> **INSTRUCTIONS TO FOLLOW**
Skip the pictures. Output only the lines below starting at the line with "Bombom ao leite Lindor" and ending at the line with "2025 NISSAN VERSA SV — снимка 3", both ends included, exactly as they are.
(MATERIAL PROVIDED begins)
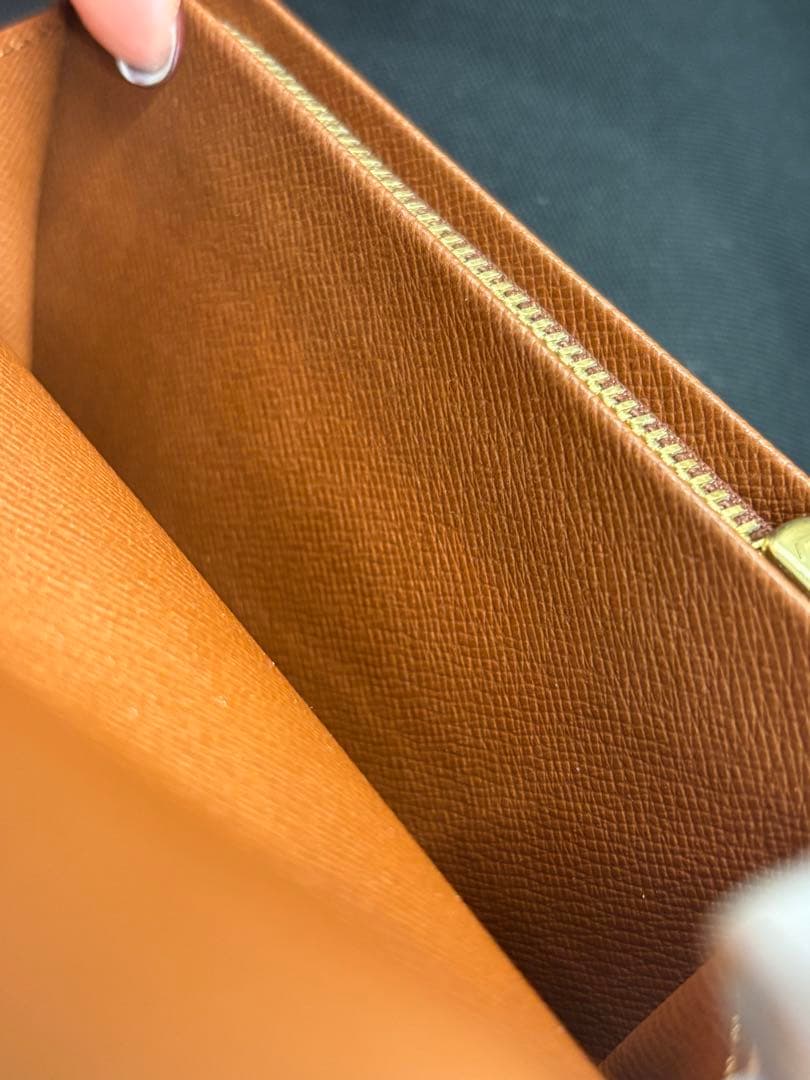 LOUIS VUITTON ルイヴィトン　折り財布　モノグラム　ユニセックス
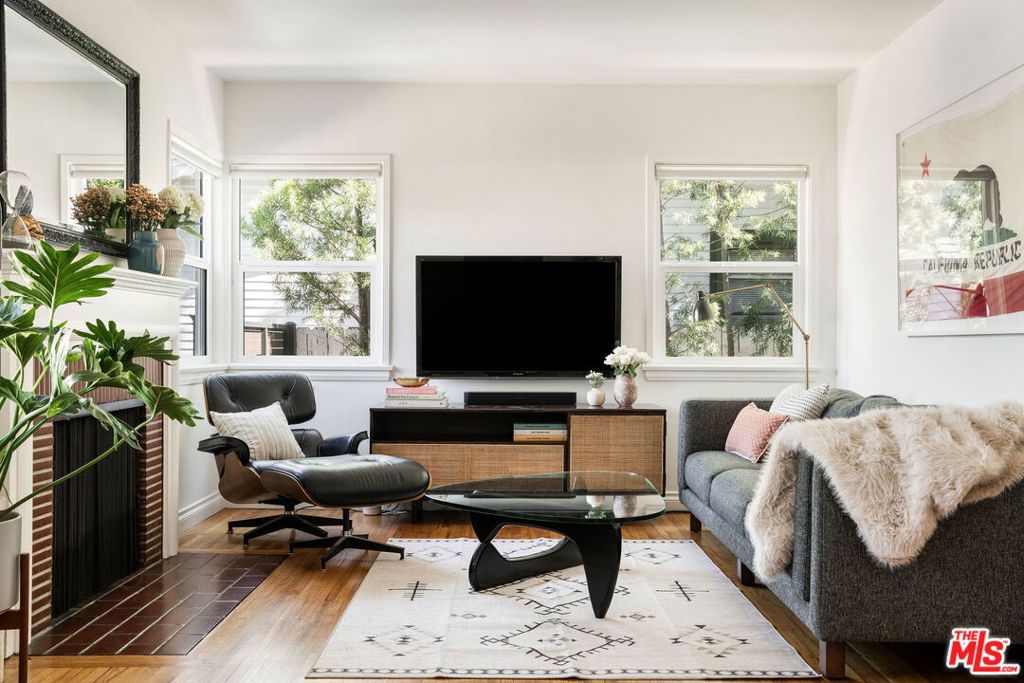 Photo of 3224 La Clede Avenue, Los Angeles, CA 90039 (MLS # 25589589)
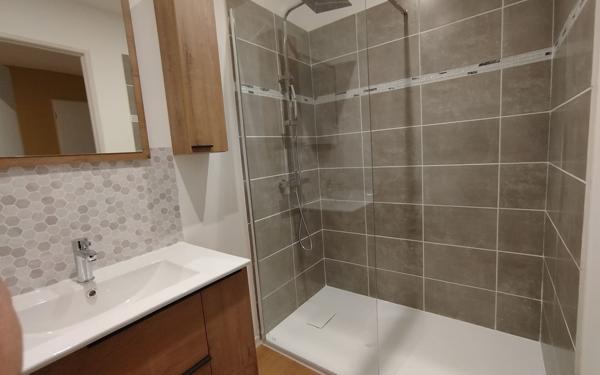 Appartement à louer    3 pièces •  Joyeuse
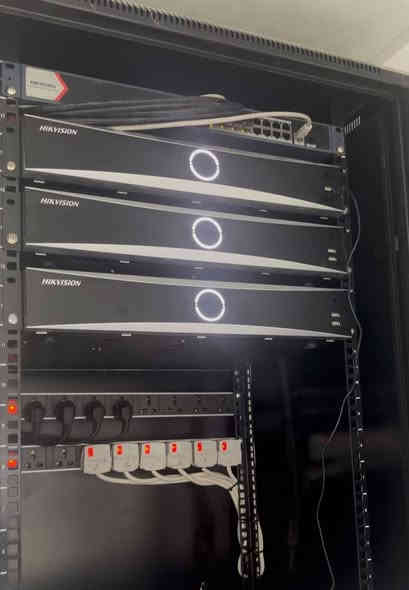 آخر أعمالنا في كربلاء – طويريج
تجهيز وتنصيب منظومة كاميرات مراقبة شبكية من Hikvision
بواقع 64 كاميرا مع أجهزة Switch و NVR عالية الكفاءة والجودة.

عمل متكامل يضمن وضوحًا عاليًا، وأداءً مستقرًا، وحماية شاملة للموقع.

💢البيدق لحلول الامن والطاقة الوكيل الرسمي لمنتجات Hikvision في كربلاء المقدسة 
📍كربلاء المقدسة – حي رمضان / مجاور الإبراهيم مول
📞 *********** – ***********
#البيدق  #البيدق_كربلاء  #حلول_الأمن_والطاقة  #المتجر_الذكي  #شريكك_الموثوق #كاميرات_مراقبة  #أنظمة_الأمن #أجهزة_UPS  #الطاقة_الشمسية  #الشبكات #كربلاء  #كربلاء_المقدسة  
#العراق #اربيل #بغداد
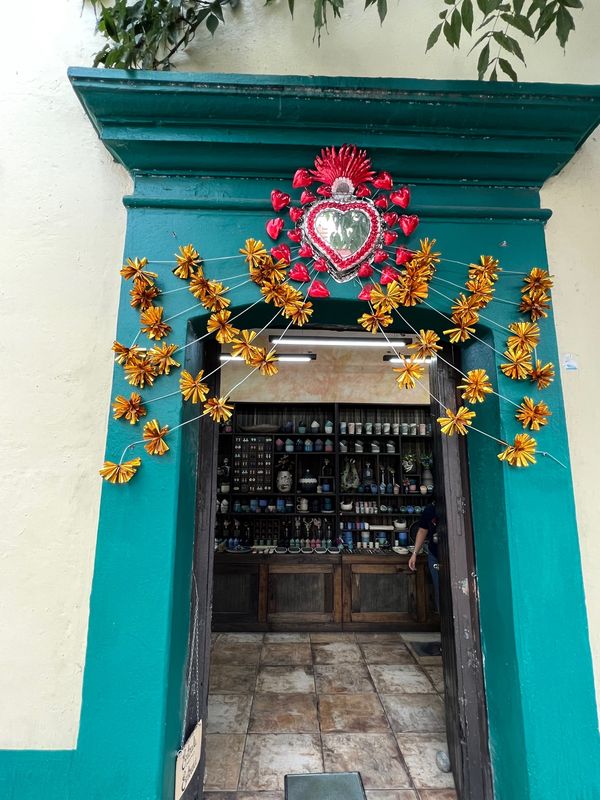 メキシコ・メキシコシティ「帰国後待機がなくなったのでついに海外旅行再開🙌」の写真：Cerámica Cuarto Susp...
(MATERIAL PROVIDED ends)
(MATERIAL PROVIDED begins)
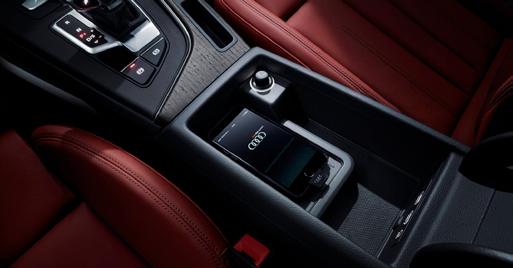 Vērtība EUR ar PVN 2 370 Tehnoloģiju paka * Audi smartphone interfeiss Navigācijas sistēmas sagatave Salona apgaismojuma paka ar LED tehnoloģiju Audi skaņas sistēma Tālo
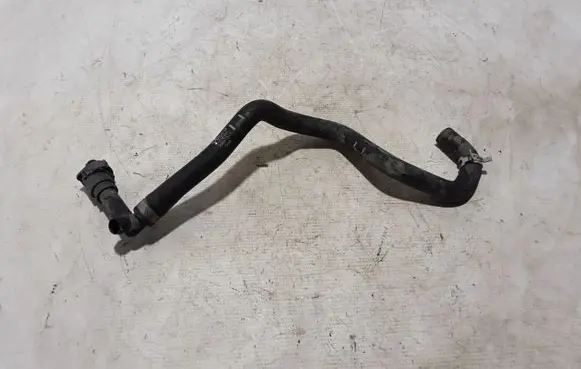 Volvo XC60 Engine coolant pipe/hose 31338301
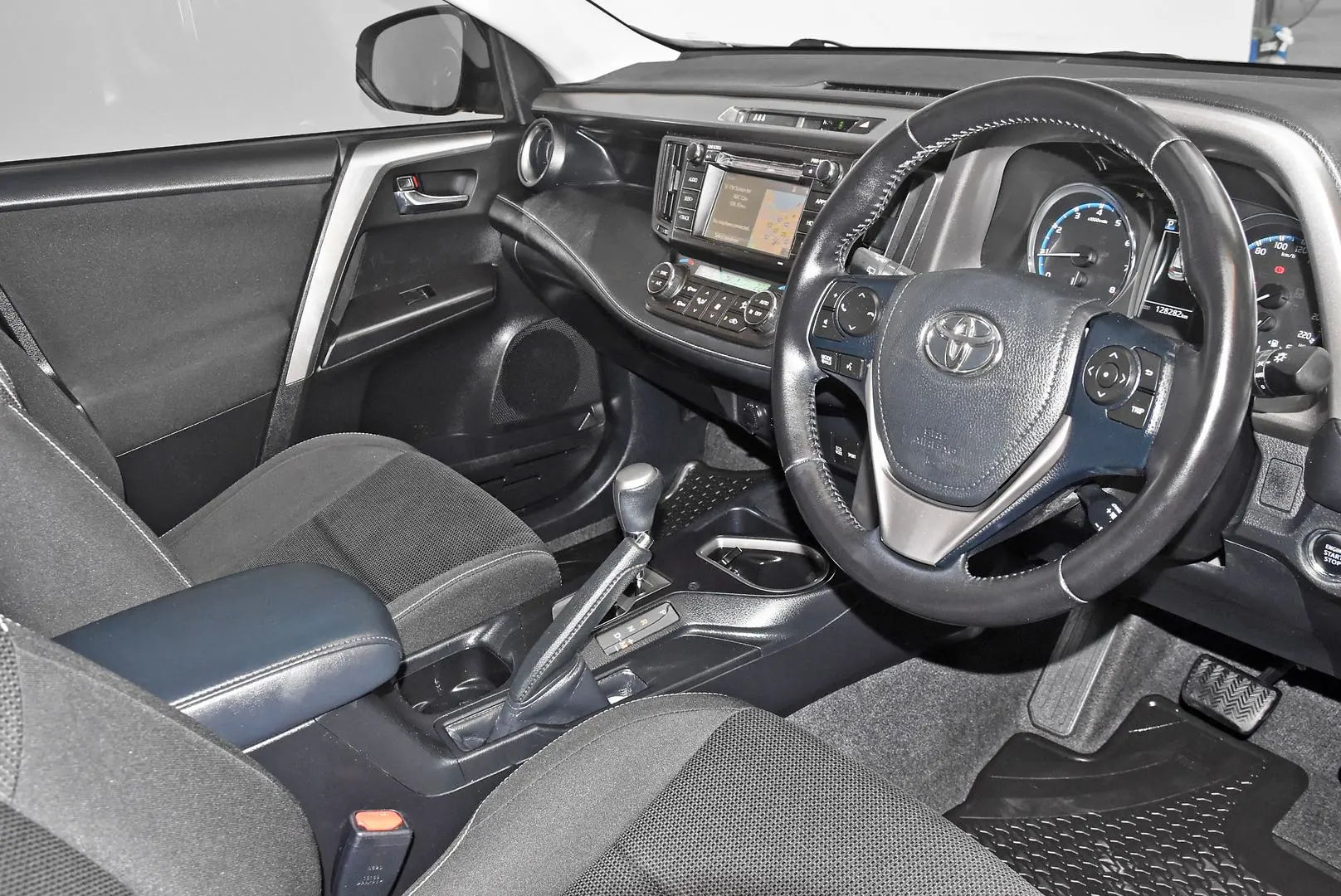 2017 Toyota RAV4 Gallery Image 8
(MATERIAL PROVIDED ends)
(MATERIAL PROVIDED begins)
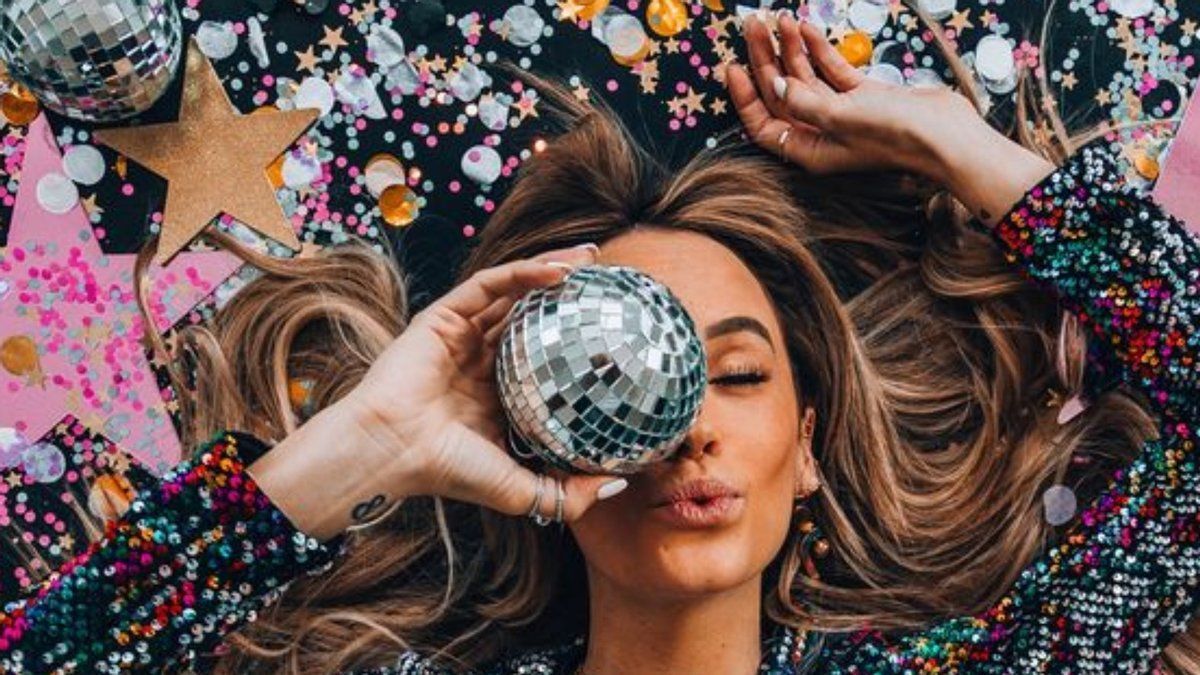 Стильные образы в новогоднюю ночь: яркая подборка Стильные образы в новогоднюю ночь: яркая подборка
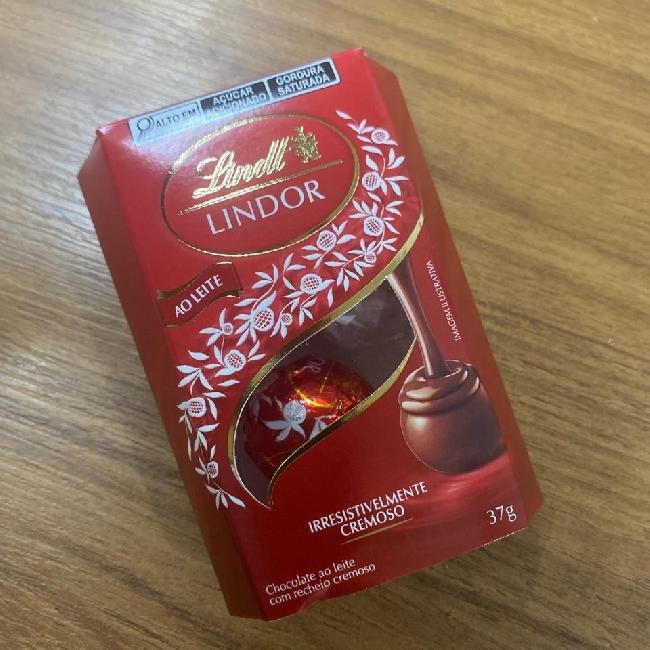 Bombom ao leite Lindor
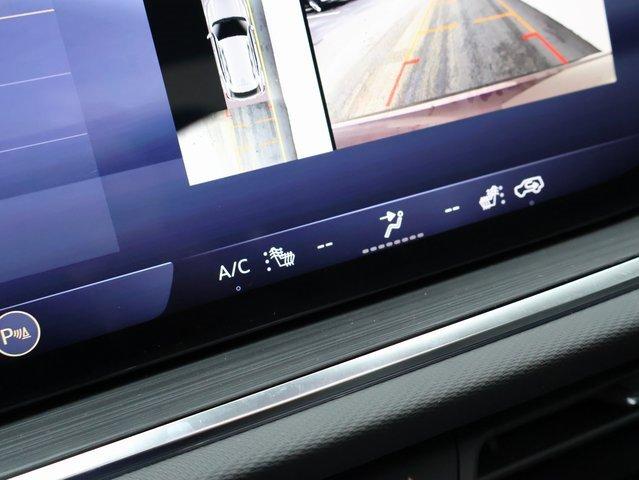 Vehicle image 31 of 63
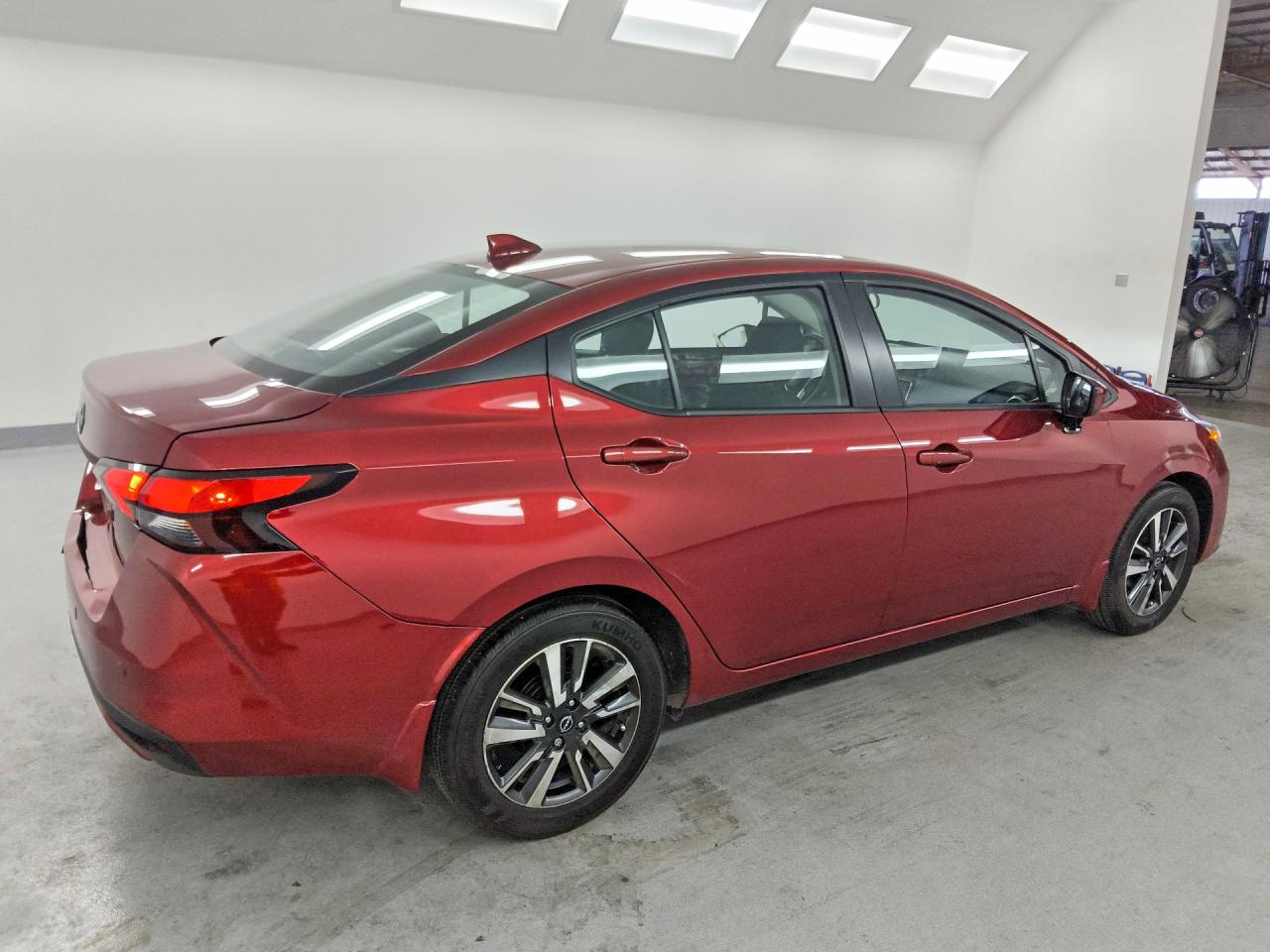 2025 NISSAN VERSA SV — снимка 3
(MATERIAL PROVIDED ends)
> **ANSWER FOR THIS EXERCISE**
 Bombom ao leite Lindor
 Vehicle image 31 of 63
 2025 NISSAN VERSA SV — снимка 3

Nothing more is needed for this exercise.